Collected data —
=== Begin Enclosure ===
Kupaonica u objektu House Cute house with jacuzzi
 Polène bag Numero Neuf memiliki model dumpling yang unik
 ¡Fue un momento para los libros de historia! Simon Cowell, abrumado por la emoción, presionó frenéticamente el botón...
=== End Enclosure ===
Required work — Set down the whole listing again, exactly as shown above.

Solution to this problem —
Kupaonica u objektu House Cute house with jacuzzi
 Polène bag Numero Neuf memiliki model dumpling yang unik
 ¡Fue un momento para los libros de historia! Simon Cowell, abrumado por la emoción, presionó frenéticamente el botón...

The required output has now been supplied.